Know Your Profs with Dr. Kimberly Bain



You see them every week in class, exchange emails with them about essay extensions, and go to their office hours when you realize you have a midterm next week. But who are your English Language and Literature professors, really? What can you expect from taking their classes, and what does teaching mean to them? 

The Know Your Profs series is meant to help you get to know your professors in their own words. This series is for you if you’re thinking of taking a course taught by a professor you don’t know very well, if you’re an Honours student or graduate student looking for a thesis supervisor, or if you simply want to know more about your favourite professors in the Department of English Language and Literatures.

Dr. Kimberly Bain is an innovative instructor who connects with students in refreshing, meaningful, and nuanced ways.

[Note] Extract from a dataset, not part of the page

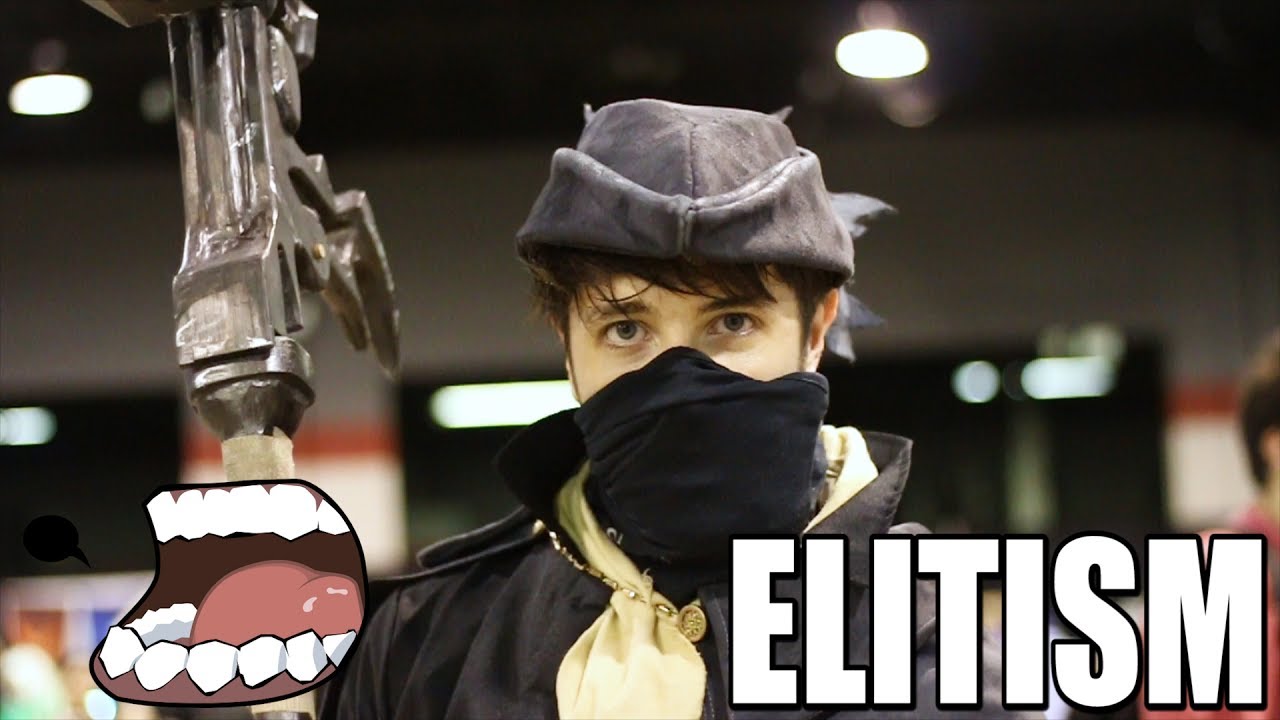 ELITISM AT COSPLAY CONVENTIONS - CONVENTION RANT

Read on to find out more about her approach to teaching, how TikTok plays a role in her classrooms, and the words that occupy her mind.


What is your area of specialization?

Black studies.

What does it mean to you to study literature?

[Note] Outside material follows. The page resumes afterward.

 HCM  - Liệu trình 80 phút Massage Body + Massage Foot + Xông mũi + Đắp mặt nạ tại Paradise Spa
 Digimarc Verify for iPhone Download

As a scholar who identifies herself primarily as a Black studies scholar, the study of language and literature — or differently stated, rhetoric and cultural productions — is so very crucial to any study of Blackness, whether historical or in the contemporary moment. This is because narrative — sociopolitical, cultural, etc. — informs the world we construct around us. The metaphoric is very much the material. When I turn to literature or any other form of cultural production, it is not to find some sort of hidden meaning, but rather to articulate and trace the logics of power and how it functions.

Which course(s) do you teach? 

I will be teaching ENGL 386 Theory, Critique, Intervention and Dissent: Racial Capitalism in the Flesh in Term II. The course focuses on the theories, histories, and philosophies of racial capitalism from its origins to the contemporary moment. In particular, we will trace the connections between capitalism, race, indentured labor, and coerced labor across time. We will also study metaphor, materiality, and geography, with particular focus on spaces like the Caribbean and the Americas. 

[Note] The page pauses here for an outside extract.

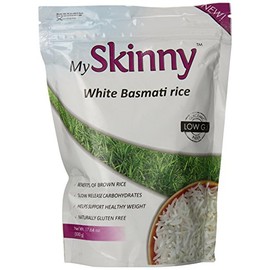 My Skinny Rice Low GI Basmati Rice, 17.64 Ounce (Pack of 6)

Although this is a theory-focused course, we will take an expansive understanding of what counts as “theory.” While students can expect to read critical work by Cedric Robinson, Saidiya Hartman, Jodi Melamed, Lisa Lowe, and others, students can also look forward to reading novels and poetry, watching films, listening to podcasts and music, engaging with visual artwork, and playing video games as part of the course.

What can students expect from your classes?

I change up the kind of assignments I offer students in my classes. In addition to papers, students can expect unusual assignments like making TikTok videos, producing podcast episodes, making choose-your-own-adventure games, visiting archives, and so forth.

Expect, above all, to take risks. My courses aren’t interested in the “right” answer, and therefore class discussions and projects are meant to and should push you to think deeper, wider, and with far less certainty than you did when you entered.

What advice would you give your first-year and graduating undergrad self?

To my first-year self:  Everyone says it, but it’s true: you should absolutely take a wide variety of classes, try new extracurriculars, and meet new people! It’s okay to feel out of place and feel overwhelmed, especially when, as first-generation and low-income college student, you don’t know what college will be like. But don’t let that make you retreat into your comfort zone.

And for graduating me: Continue learning and expanding your horizons—you don’t even know half the things you don’t know. Hold that close and keep on reading (especially reading). 

What do you look forward to about teaching at UBC?

I’m really looking forward to meeting students and being in conversation with everyone. I’m especially excited to debut my new course on racial capitalism and work through with students something that structures all of our everyday lives.

If you weren’t a professor, what would you do with your life?

I’d open a pre-K/ kindergarten teaching kids to be radical agents of social change in a massive community-focused building. On the bottom floor, I’d have a bookstore/cafe. On the second and the third, the school. And on the rooftop, a community garden.

What keeps you up at night?

Recently? A quote from Octavia Butler: “I’m a 48-year-old writer who can remember being a 10-year-old writer and who expects someday to be an 80-year-old writer. I’m a pessimist if I’m not careful, a feminist, a Black…an oil-and-water combination of ambition, laziness, insecurity, certainty, and drive.”